Instead of having just one input \(x\) determining the output \(y\) (like \(y = f(x)\)), functions of multiple variables have two or more inputs that together determine the output.
Think of a topographical map: the height (output) depends on your location specified by two coordinates, latitude and longitude (inputs). Or the temperature in a room depends on your \((x, y, z)\) position.
A function of \(n\) variables\(f\) assigns a unique output value \(z\) (usually a real number) to each input vector \((x_1, x_2, ..., x_n)\) from a domain \(D\) in \(n\)-dimensional space (\(\mathbb{R}^n\)).
Notation: \(z = f(x_1, x_2, ..., x_n)\) or \(z = f(\mathbf{x})\), where \(\mathbf{x}\) is the input vector.
Domain: The set of all possible input vectors \((x_1, ..., x_n)\) for which the function is defined.
Range: The set of all possible output values \(z\).
Two Variables (\(z = f(x, y)\)): The graph is a surface in 3D space. For each point \((x, y)\) in the domain (on the xy-plane), the height of the surface above/below that point is \(z = f(x, y)\).
Three or More Variables: Direct graphing is impossible (requires >3 dimensions). We often visualize using:
Level Sets (Contour Maps): For \(z = f(x, y)\), level sets are curves in the xy-plane where \(f(x, y) = c\) (constant). Like contour lines on a topographical map showing points of equal height.
Level Surfaces: For \(w = f(x, y, z)\), level surfaces are surfaces in 3D space where \(f(x, y, z) = c\).
Loss Functions: Often functions of many variables (the model's parameters/weights \(w_1, w_2, ..., w_n\)). The loss \(L\) depends on all weights: \(L = f(w_1, ..., w_n)\). Optimization aims to find the weights that minimize this function.

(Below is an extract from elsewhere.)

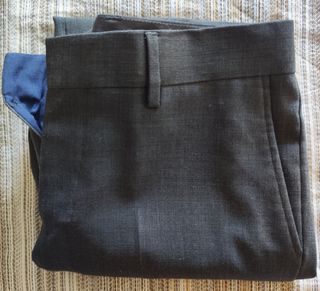 Traje gris hombre - chaqueta y pantalón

Prediction Models: A model predicting house price (\(y\)) based on size (\(x_1\)) and location (\(x_2\)) is a function \(y = f(x_1, x_2)\).
Image Representation: Pixel intensity can be a function of coordinates \(I = f(\text{row}, \text{column})\).
The concepts of limits and continuity extend to multiple variables, but become more complex. A limit requires the function to approach the same value regardless of the path taken towards the point \((x_0, y_0, ...)\). Continuity requires the limit to exist, the function to be defined, and the limit to equal the function value, just like the single-variable case.